The available template variables are:
The available template variables are:
variable | description |
---|---|
content | The rendered blog post content. |
This is the inner template for blog posts which will be inserted into lauout.ftl to the place where the variable ${content} is placed. All variables which are available in layout.ftl are also available here.
The available template variables are:
variable | description |
---|---|
content | The rendered blog post content. |
This template is used to generate a site map XML for better search engine indexing. You should only change this template if you know what you do.
The available template variables are:
variable | description |
---|---|
encoding | This is the encoding from your configuration. |
urls | This is a collection of objects representing al URLs of your blog. |
The objects in the list urls have the properties:
property | description |
---|---|
loc | The URL of the content. |
lastmod | When the file was last published. |
changefreq | At the moment this is hardcoded to daily for posts and weekly for sites. |
priority | At the moment this is hardcoded to 0.8 for posts and 0.5 for sites. |
This template is used by the create sub command to produce an empty content file for you. It contains a pre processor block (see below) and the title given by the CLI options. There you place your content.
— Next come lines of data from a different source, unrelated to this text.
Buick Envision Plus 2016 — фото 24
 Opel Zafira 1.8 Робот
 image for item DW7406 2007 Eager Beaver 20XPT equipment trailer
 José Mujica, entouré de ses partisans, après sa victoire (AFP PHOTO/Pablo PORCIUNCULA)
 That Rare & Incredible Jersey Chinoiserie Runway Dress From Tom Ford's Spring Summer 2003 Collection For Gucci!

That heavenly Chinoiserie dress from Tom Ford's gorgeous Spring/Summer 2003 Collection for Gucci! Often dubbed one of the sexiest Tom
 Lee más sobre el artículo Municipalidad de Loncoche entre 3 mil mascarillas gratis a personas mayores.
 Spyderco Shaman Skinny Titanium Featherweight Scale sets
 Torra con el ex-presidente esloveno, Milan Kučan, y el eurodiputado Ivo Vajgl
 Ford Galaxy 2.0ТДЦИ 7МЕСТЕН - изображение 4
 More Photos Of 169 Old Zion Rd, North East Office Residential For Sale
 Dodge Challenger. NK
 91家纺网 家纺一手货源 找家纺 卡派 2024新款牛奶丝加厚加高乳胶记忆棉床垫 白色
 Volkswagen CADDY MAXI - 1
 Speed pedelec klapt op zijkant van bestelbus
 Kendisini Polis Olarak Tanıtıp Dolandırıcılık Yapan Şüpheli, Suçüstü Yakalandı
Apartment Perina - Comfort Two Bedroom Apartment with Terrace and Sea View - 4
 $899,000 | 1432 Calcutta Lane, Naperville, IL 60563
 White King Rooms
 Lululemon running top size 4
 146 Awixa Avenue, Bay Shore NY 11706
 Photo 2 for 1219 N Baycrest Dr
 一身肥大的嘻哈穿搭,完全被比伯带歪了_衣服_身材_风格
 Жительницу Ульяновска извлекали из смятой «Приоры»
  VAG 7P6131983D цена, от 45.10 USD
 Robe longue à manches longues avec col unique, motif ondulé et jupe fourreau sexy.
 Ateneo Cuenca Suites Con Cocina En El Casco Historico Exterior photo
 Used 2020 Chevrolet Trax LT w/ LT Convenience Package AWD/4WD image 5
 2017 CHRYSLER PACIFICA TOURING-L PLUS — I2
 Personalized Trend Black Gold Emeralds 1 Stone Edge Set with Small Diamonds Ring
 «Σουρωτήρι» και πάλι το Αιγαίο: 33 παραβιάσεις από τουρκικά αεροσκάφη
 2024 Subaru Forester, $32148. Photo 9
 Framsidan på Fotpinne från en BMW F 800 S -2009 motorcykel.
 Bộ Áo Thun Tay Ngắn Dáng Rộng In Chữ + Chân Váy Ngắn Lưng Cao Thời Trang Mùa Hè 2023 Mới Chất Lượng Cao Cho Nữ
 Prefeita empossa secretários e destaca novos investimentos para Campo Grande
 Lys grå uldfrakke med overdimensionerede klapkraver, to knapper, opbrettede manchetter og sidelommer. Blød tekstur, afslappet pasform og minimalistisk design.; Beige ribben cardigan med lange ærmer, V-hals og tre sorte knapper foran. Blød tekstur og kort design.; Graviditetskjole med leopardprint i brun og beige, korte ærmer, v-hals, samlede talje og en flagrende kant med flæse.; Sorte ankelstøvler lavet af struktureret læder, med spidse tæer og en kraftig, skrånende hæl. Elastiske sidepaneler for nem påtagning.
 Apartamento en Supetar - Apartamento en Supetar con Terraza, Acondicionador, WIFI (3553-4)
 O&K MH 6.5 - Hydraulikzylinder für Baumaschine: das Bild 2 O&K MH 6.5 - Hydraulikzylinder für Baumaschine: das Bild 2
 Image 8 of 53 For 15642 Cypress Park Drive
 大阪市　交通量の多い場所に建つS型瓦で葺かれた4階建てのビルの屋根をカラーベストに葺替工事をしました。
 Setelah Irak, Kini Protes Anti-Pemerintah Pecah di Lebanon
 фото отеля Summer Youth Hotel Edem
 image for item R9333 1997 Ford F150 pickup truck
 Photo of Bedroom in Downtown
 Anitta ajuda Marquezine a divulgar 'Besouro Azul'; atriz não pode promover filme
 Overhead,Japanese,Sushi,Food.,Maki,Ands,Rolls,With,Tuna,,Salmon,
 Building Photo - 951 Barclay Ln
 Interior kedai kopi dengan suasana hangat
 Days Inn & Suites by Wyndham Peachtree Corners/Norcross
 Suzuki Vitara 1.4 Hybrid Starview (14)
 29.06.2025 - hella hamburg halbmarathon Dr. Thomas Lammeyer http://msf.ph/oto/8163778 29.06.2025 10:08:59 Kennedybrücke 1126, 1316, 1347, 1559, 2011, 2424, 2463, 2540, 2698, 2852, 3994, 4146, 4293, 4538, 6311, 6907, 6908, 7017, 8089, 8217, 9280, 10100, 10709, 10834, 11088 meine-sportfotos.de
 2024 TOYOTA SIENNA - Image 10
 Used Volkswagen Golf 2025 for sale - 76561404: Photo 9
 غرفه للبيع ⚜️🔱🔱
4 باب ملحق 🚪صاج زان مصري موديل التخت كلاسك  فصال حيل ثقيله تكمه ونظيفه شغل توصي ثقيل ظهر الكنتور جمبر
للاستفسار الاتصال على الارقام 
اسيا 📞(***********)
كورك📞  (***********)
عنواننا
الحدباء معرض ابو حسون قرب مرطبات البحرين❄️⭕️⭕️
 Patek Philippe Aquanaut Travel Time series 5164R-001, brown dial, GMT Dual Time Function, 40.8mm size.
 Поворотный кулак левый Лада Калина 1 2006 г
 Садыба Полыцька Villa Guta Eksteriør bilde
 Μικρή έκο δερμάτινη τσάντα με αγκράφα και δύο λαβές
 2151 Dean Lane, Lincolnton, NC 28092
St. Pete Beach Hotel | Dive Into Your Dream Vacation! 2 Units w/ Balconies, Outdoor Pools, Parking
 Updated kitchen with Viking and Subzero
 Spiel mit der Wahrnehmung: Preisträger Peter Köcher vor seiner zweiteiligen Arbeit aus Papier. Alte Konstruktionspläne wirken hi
The available template variables are:
variable | description |
---|---|
title | The post/site title. |
Of course you can style your blog with simple CSS. You only have to put the CSS files somewhere in your public folder served by the web server. Recommended and default is public/css. If you prefer another location you must change the link in the layout.ftl.
But you can also use SASS. For this use case there is a directory called sass in the freshly created scaffold data directory. It also brings a a [normalizer][normalizer] script which sets some sane defaults for all browser. To generate CSS you need SASS installed and use this command from your scaffold dir:
$ sassls sassc sass/main.scss public/css/main.css
The content files for posts and sites support a preprocessor directive to add some meta data:
<?juberblog navigation: some navigation description: some description. keywords: some, keywords ?>
The syntax is the same as for XML preprocessor directives. So to start it use <?juberblog and to end the directive use ?>. The directive for JUberblog supports simple key-value pairs. The key must not contain any characters but letters and numbers. The value may contain any character but a colon or newline. The key and the value are separated by a colon. A key value pair is separated by newline. Also obviously you can’t use newlines in the value. The key values will be assigned to the layout template. Description and Keywords are used for the meta tags by default.
The three keys shown in the example above are also used internally for the content generation, but JUberblog will choose sane defaults if you don’t have them in your file.